▸ What to work on:
Would you restate, word for word, only the lines starting at the one with "Tied up shirt dress by Sabo skirt" and ending with the final line of the entries below? Pictures stay out.

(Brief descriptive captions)
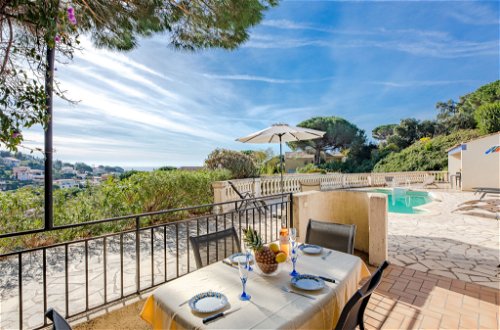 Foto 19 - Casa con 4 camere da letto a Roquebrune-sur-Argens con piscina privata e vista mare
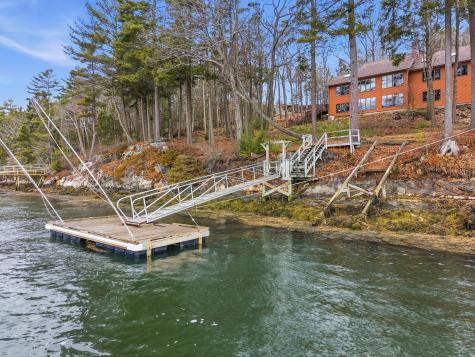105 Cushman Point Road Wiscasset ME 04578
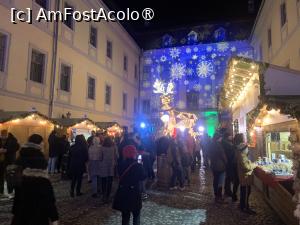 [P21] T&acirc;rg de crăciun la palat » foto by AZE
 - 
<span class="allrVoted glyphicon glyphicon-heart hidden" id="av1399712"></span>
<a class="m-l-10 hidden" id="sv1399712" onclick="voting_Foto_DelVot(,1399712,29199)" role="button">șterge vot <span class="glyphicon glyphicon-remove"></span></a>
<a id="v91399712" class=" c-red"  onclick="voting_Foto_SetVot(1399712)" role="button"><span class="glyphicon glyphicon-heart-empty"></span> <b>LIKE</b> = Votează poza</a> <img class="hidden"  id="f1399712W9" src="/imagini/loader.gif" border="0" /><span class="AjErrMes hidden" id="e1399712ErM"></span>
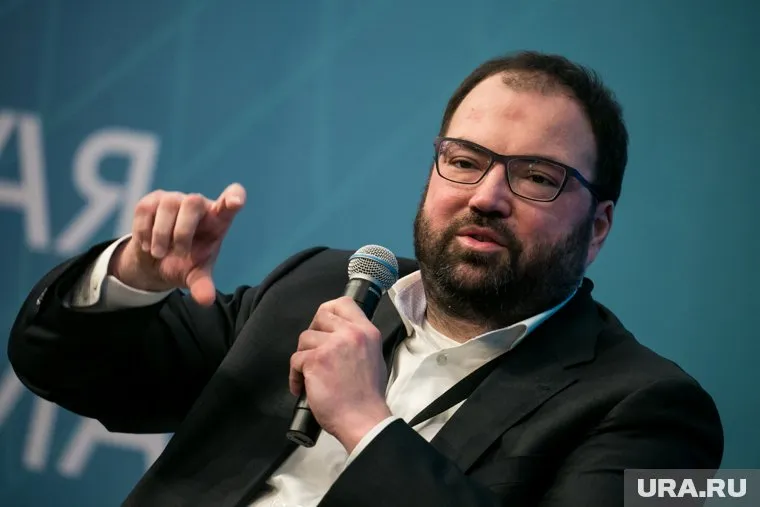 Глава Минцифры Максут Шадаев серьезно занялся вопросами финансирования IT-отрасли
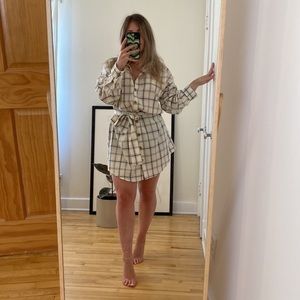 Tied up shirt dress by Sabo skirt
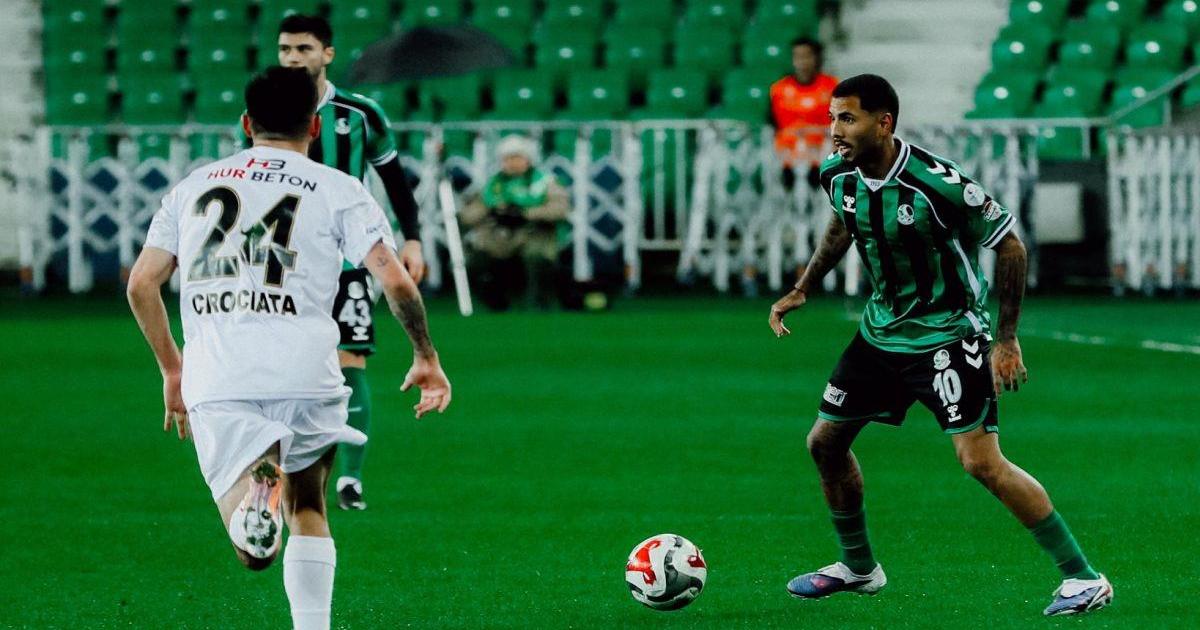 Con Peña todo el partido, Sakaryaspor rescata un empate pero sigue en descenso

▸ Solution to the problem:
 Tied up shirt dress by Sabo skirt
 Con Peña todo el partido, Sakaryaspor rescata un empate pero sigue en descenso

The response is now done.